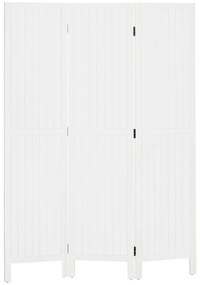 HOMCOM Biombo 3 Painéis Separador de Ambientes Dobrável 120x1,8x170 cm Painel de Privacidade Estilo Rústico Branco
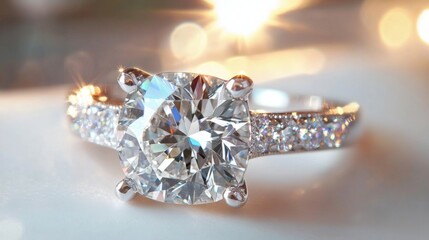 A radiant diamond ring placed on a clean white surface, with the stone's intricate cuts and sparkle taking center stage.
* * *
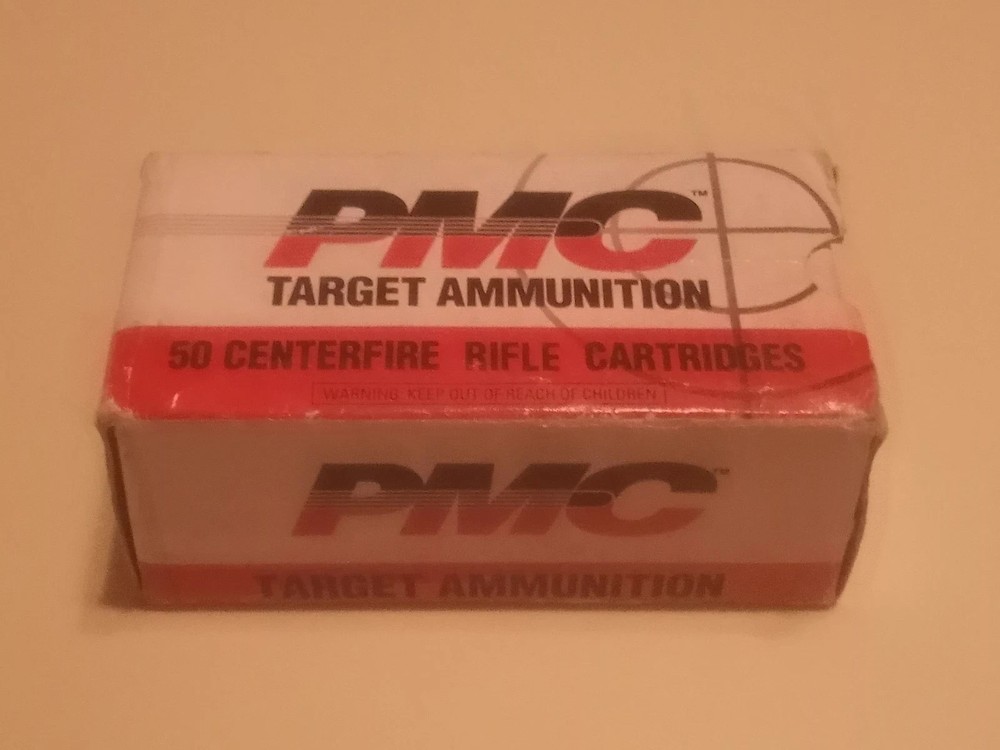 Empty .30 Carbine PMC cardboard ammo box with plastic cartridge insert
--
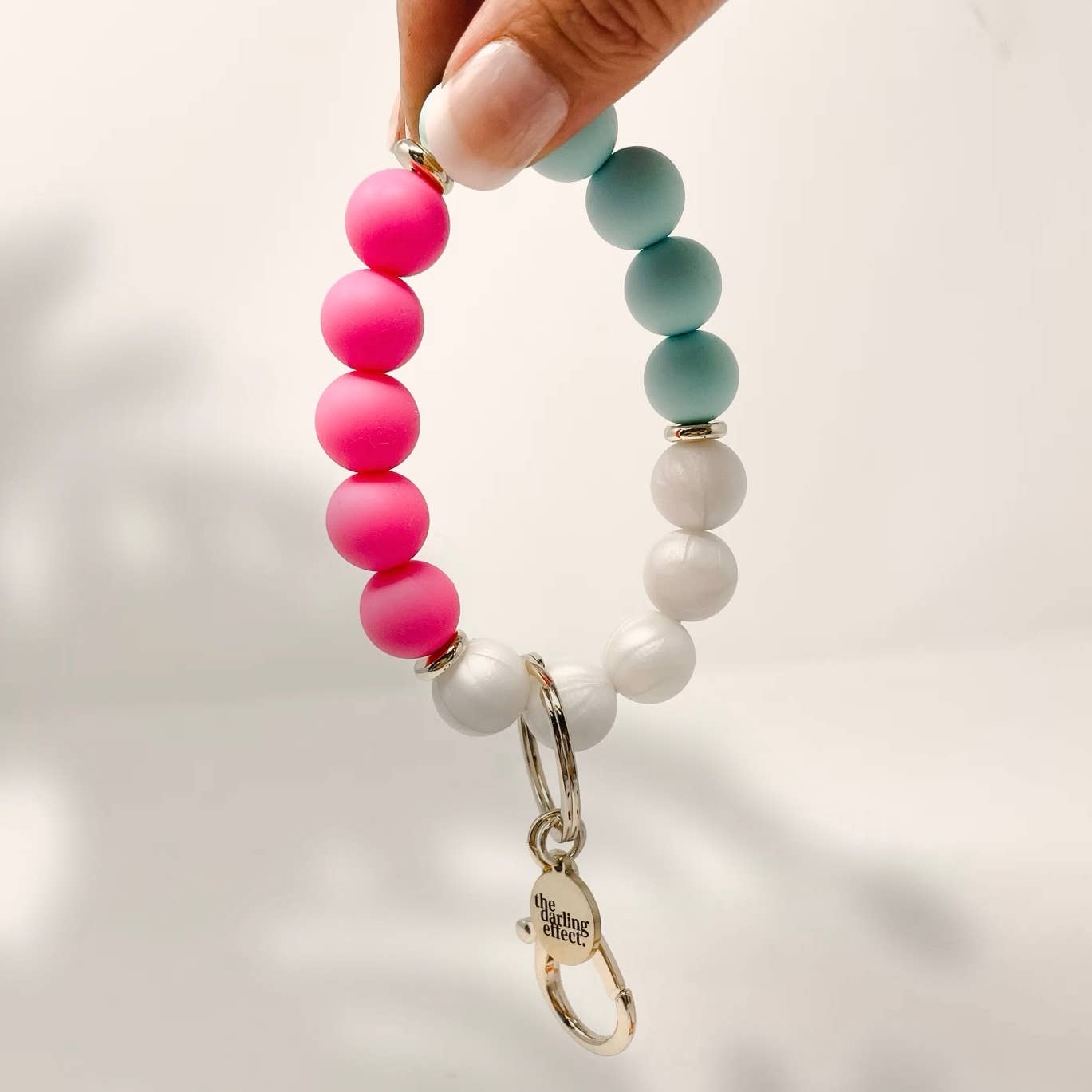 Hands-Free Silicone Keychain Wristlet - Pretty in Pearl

-- EXERCISE BRIEF --
Those lines of the records above that run from the one containing "HOMCOM Biombo 3" through the one containing "A radiant diamond" should be returned exactly, with no pictures among them.

-- SOLUTION BELOW --
 HOMCOM Biombo 3 Painéis Separador de Ambientes Dobrável 120x1,8x170 cm Painel de Privacidade Estilo Rústico Branco
 A radiant diamond ring placed on a clean white surface, with the stone's intricate cuts and sparkle taking center stage.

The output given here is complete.